Renee Fitts usually favors shots of sweeping landscapes, such as the wide expanses found in the Half Moon Bay area. Recently, however, she has been focusing her lens on smaller images and using brushes and paints to bring them to life.
Her current affinity for small details and bright spots of color may be inspired by Fitts' 6-year-old son, Sam, an aspiring photographer experimenting with point-and-shoot techniques.
"Photography is an integral part of my life. I have a little boy who is a great model, and I love to take pictures of him," Fitts says. "I have a camera with me all the time."
On a recent trip to Sonoma, Fitts shot a black-and-white of overlapping grape leaves hiding heavy clusters of fruit. She printed the photo in her darkroom at home, then hand-colored it with oil paints and pencils.
In the finished photo, "Sonoma Harvest," the center of each olive green leaf glows reddish-purple at the center, and the clusters of grapes hidden at the top and bottom corners of the image shine a soft lavender. The print won second place in the Manipulated Images category.
Hand-coloring her close-up prints of single flowers and plants is Fitts' latest exploration into photography, but after a few months of this technique, she is already jumping to something new.

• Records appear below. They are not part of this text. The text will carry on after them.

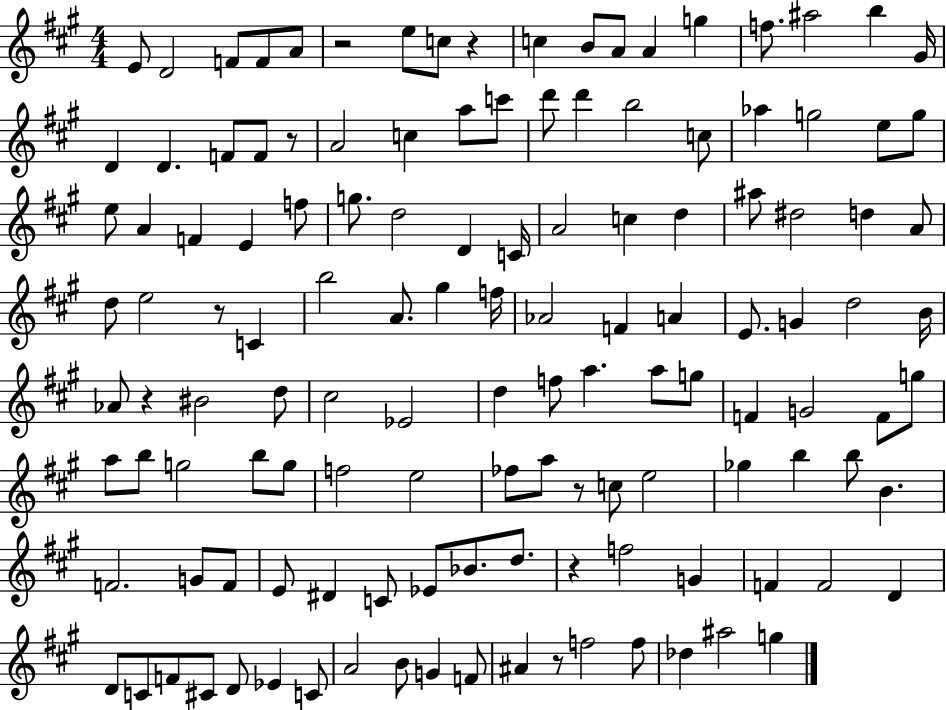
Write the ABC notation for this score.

X:1
T:Untitled
M:4/4
L:1/4
K:A
E/2 D2 F/2 F/2 A/2 z2 e/2 c/2 z c B/2 A/2 A g f/2 ^a2 b ^G/4 D D F/2 F/2 z/2 A2 c a/2 c'/2 d'/2 d' b2 c/2 _a g2 e/2 g/2 e/2 A F E f/2 g/2 d2 D C/4 A2 c d ^a/2 ^d2 d A/2 d/2 e2 z/2 C b2 A/2 ^g f/4 _A2 F A E/2 G d2 B/4 _A/2 z ^B2 d/2 ^c2 _E2 d f/2 a a/2 g/2 F G2 F/2 g/2 a/2 b/2 g2 b/2 g/2 f2 e2 _f/2 a/2 z/2 c/2 e2 _g b b/2 B F2 G/2 F/2 E/2 ^D C/2 _E/2 _B/2 d/2 z f2 G F F2 D D/2 C/2 F/2 ^C/2 D/2 _E C/2 A2 B/2 G F/2 ^A z/2 f2 f/2 _d ^a2 g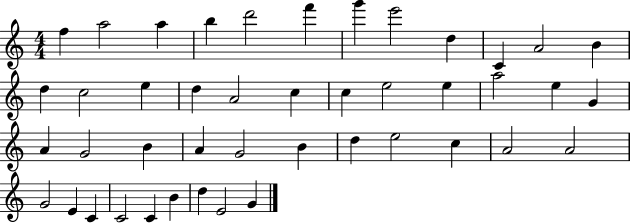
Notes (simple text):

F5/q A5/h A5/q B5/q D6/h F6/q G6/q E6/h D5/q C4/q A4/h B4/q D5/q C5/h E5/q D5/q A4/h C5/q C5/q E5/h E5/q A5/h E5/q G4/q A4/q G4/h B4/q A4/q G4/h B4/q D5/q E5/h C5/q A4/h A4/h G4/h E4/q C4/q C4/h C4/q B4/q D5/q E4/h G4/q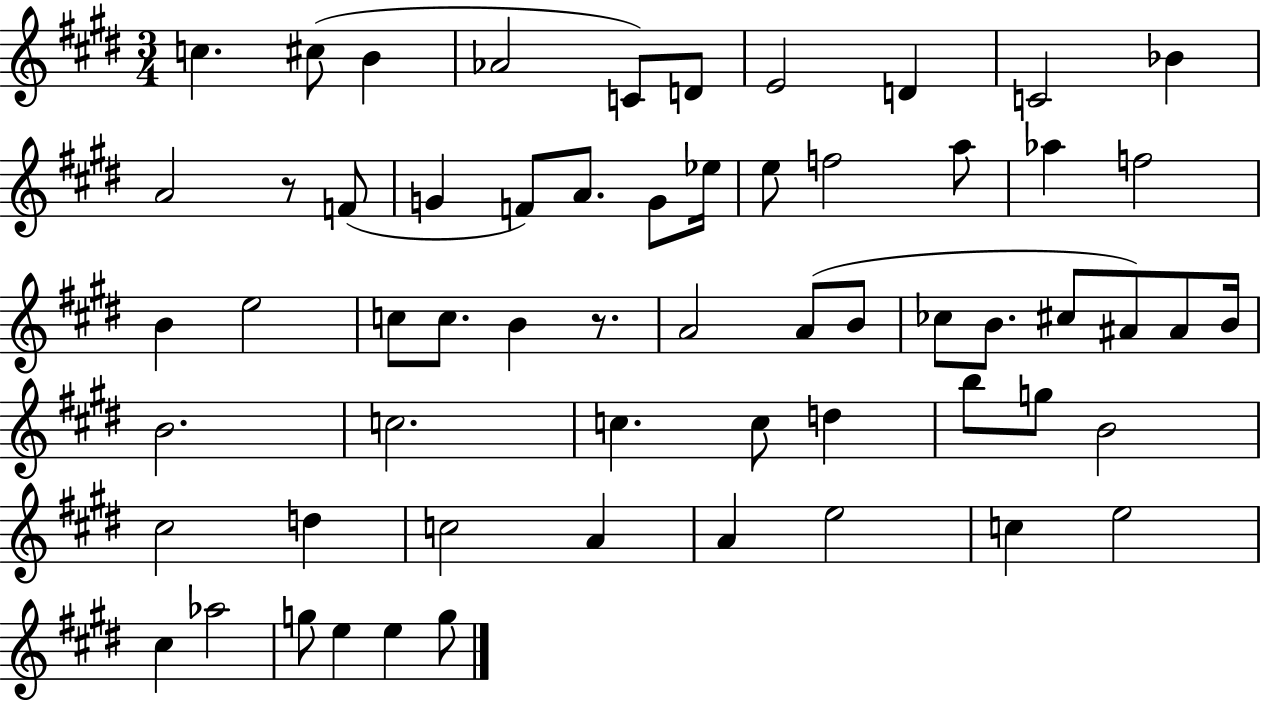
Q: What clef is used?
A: treble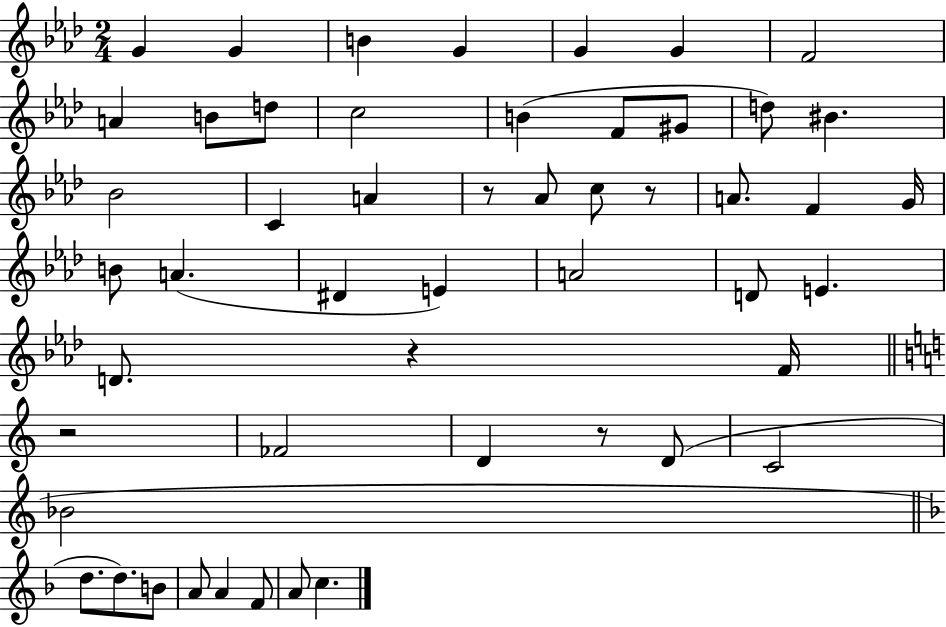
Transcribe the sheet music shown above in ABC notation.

X:1
T:Untitled
M:2/4
L:1/4
K:Ab
G G B G G G F2 A B/2 d/2 c2 B F/2 ^G/2 d/2 ^B _B2 C A z/2 _A/2 c/2 z/2 A/2 F G/4 B/2 A ^D E A2 D/2 E D/2 z F/4 z2 _F2 D z/2 D/2 C2 _B2 d/2 d/2 B/2 A/2 A F/2 A/2 c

Her newest interest is using special film that detects infrared light-- wavelengths that human eyes can't see. The resulting images are "ethereal and interesting," Fitts says. She is thinking of combining both hand-coloring and infrared photography to create otherworldly photos. "I'd like to try everything" Fitts says. "I read books and articles on photography and try to spend as much time on it as I can squeeze out of the week. Photography provides a good balance."
She credits her 30-year interest in photography to early experience in the darkroom as a molecular biologist. After a career change, Fitts, 47, is now a patent lawyer and in-house counsel for Surromed, a Palo Alto biotechnology firm. But she still logs time one day a week either taking photos or developing prints in her home darkroom.
Although Fitts has been entering her work in photography contests for only thepast year, she already has had considerable success. Her black-and-white photo of a hippopotamus won Grand Prize in the San Francisco Zoo's second annual photo contest. She received an Award of Merit from the New York Institute of Photography earlier this year.
"Part of the fun is seeing what other people think of your work. It's encouraging," Fitts says. "I entered each category (in the Weekly's contest.) Why not?"